The results of Q-PCR examination of ligA expression during competence development and the presence of putative CRE sites upstream of ligA homologs in A. actinomycetemcomitans and the H. somnus strains support the inclusion of ligA in the competence regulon. An earlier attempt by Preston et al. to create a mutant in HI1182 was unsuccessful (45), leading to the conclusion that this gene might be essential. Our success in deleting ligA in this study argues against the indispensability of this gene for survival. While clearly upregulated in response to competence development in Rd KW20, ligA does not appear to be indispensable to transformation. The lack of HI1182/HI1183 homologs in many members of the Pasteurellaceae is consistent with a noncritical role in transformation. It is possible that the NAD⁺-dependent ligase (LigN) can substitute if LigA is absent. Interestingly, LigA appears to contain a signal peptide recognition sequence that would indicate a possible periplasmic location. We found LigA homologs in several other bacterial species, including Neisseria meningiditis and Vibrio cholerae, and these homologs also contain putative signal peptides. It is difficult to conceive a function for a DNA ligase as either an exported or a periplasmic protein for DNA metabolism or for transformation.

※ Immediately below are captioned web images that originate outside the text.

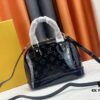 693086f16e68136f4d9a8640 Authentic Exclusive Real Shot Background! M54395, M54785, 54786 This avant-garde and modern Tote Miroir Shell Bag crafted from smooth patent calf leather. Featuring an oversized LV monogram, bold silhouette lines, unique design details, and equipped with a detachable new-style shoulder strap! Size: Large 32.0×25.0×16.0cm, Small 25×17.5×11.5cm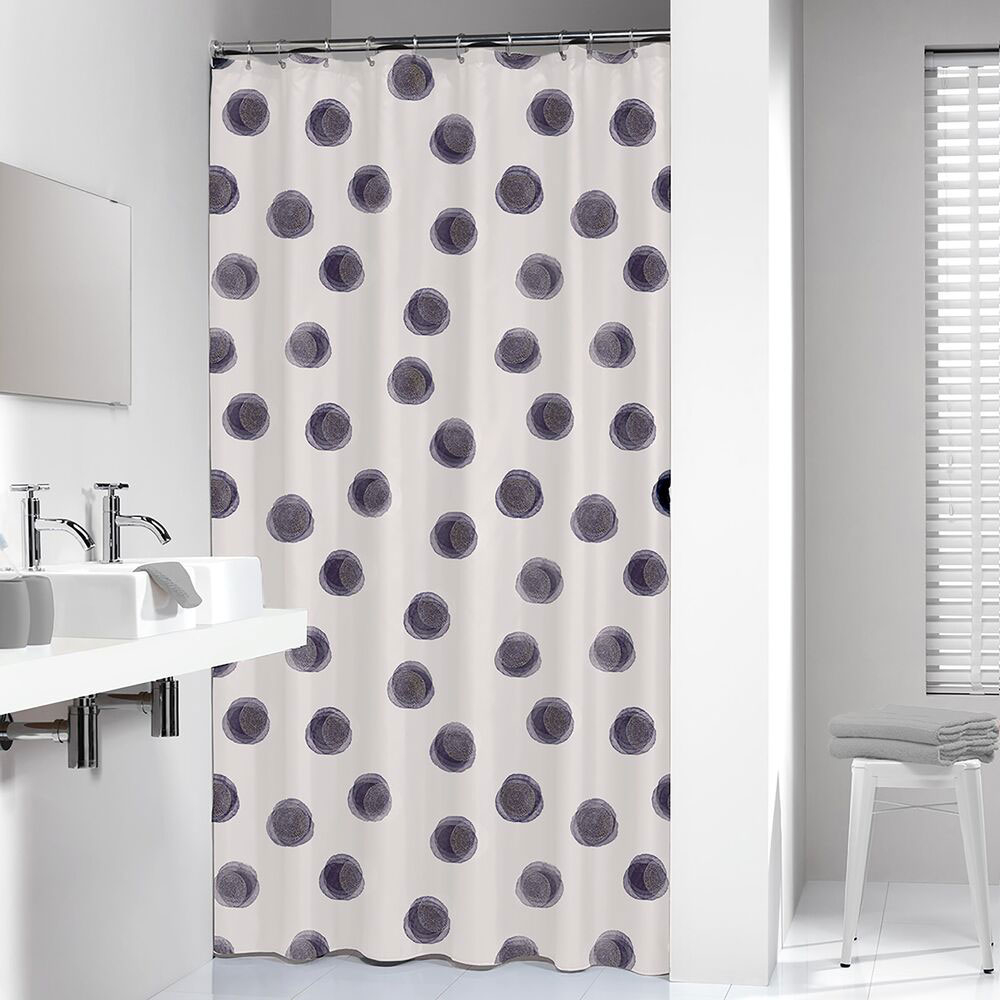 Κουρτίνα Μπάνιου Πλαστική (180×200) Με Κρίκους SealSkin Mood
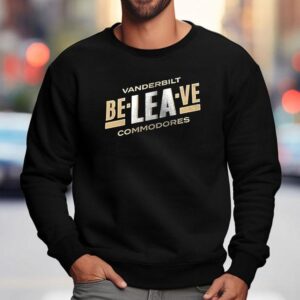 Vanderbilt Commodores Beleave Logo Sweatshirt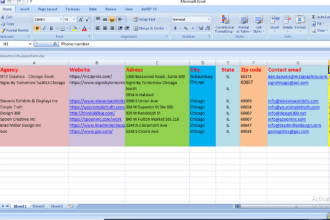 do the fastest data entry, copy paste, web research, and web scraping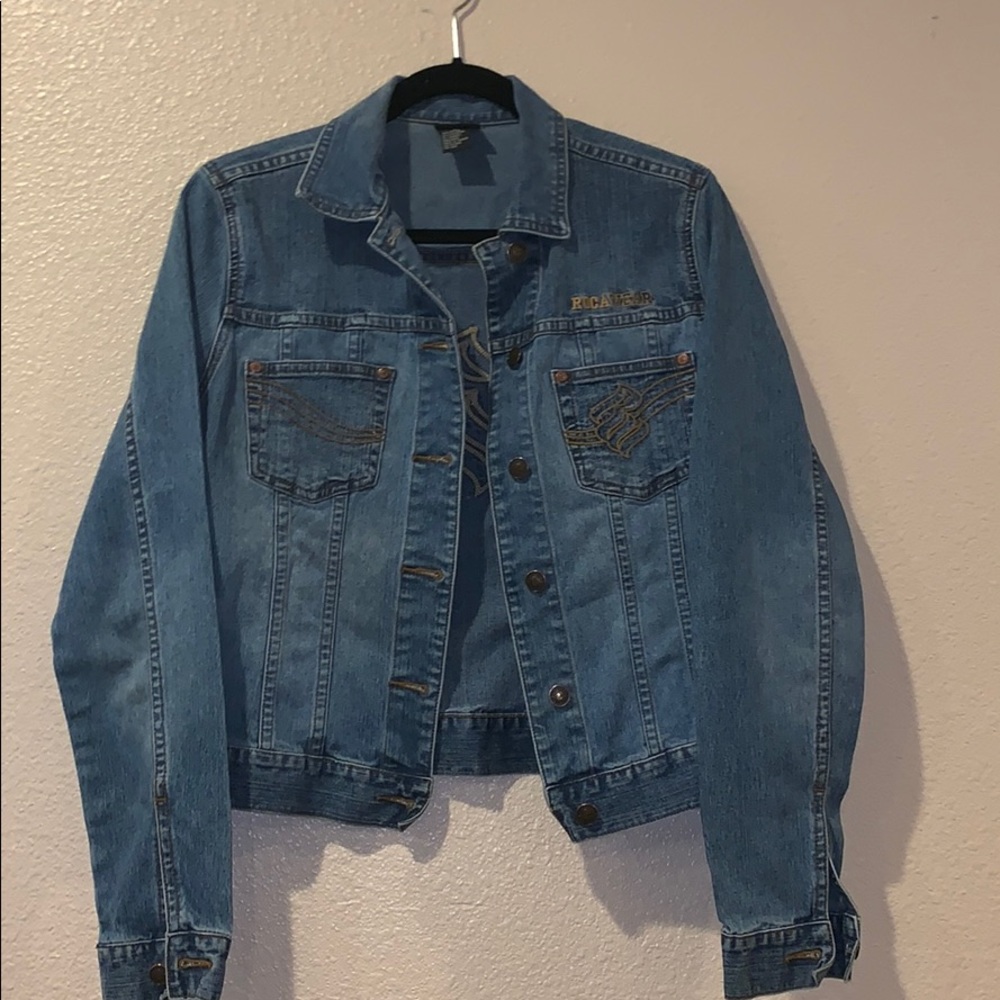 ON SALE‼️Vintage denim jacket ⏱time to go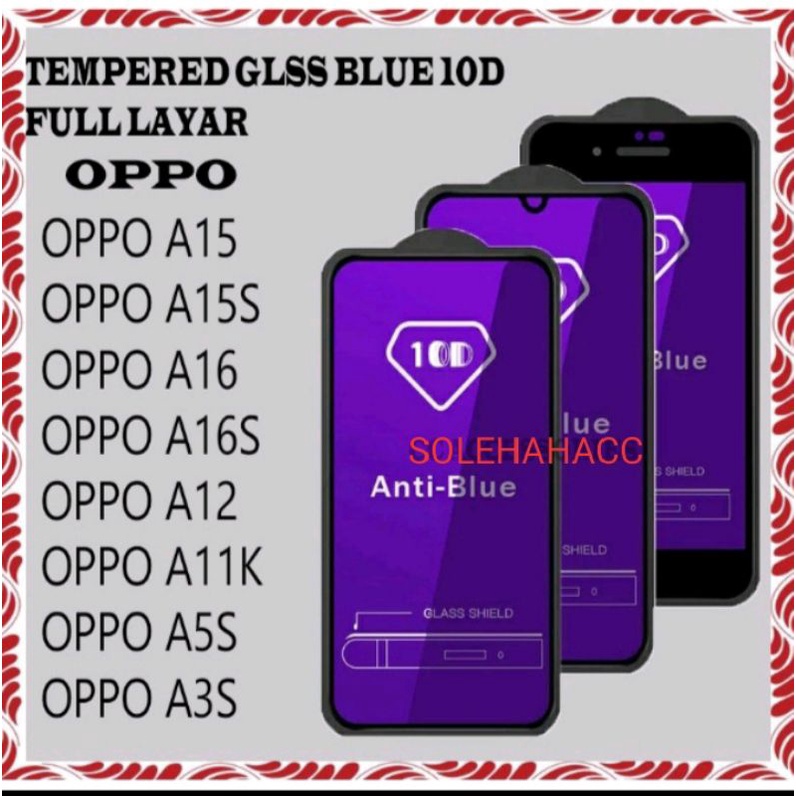Tg temper Glass matte OPPO A16 A5 A9 y21s y20 y12s A15s por semua tipe oppo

We also show that the three examined CRE sites located between divergently transcribed operons are responsible for control of transcription in a single direction. This may have important implications, as 8 of 10 of the predicted CRE sites in the Rd KW20 sequence are located between divergently transcribed operons. In particular, CRE0439 is located between two operons in which insertions or deletions of genes within each operon have deleterious effects on transformation. Further examination of transcription from CRE0439 and the other CRE sites will answer the question of whether bidirectional control by CREs occurs or whether their frequent location between divergent operons is merely coincidental. Additionally, we show that while CRE0364 is located closer to HI0364 than to HI0365, the element actually controls transcription of the HI0365 operon alone. Thus, the proximity of a promoter element to nearby genes can be an inaccurate predictor of regulatory targeting.

In conclusion, we have demonstrated the ability of comparative genomics to identify competence operons. Characterization of the three newly identified operons by Q-PCR analysis indicated regulation consistent with that of other identified competence-regulated genes. Mutational analysis of HI0366 identified a novel transformation gene, pilF2, involved in uptake but not binding of DNA in H. influenzae. Mutational analysis of HI0939 identified a new gene, pulJ, that is possibly required for DNA binding and uptake in H. influenzae. The products of pulJ and HI0938 (pulG) are related to members of the type II secreton, confirming the importance of that system in transformation in H. influenzae.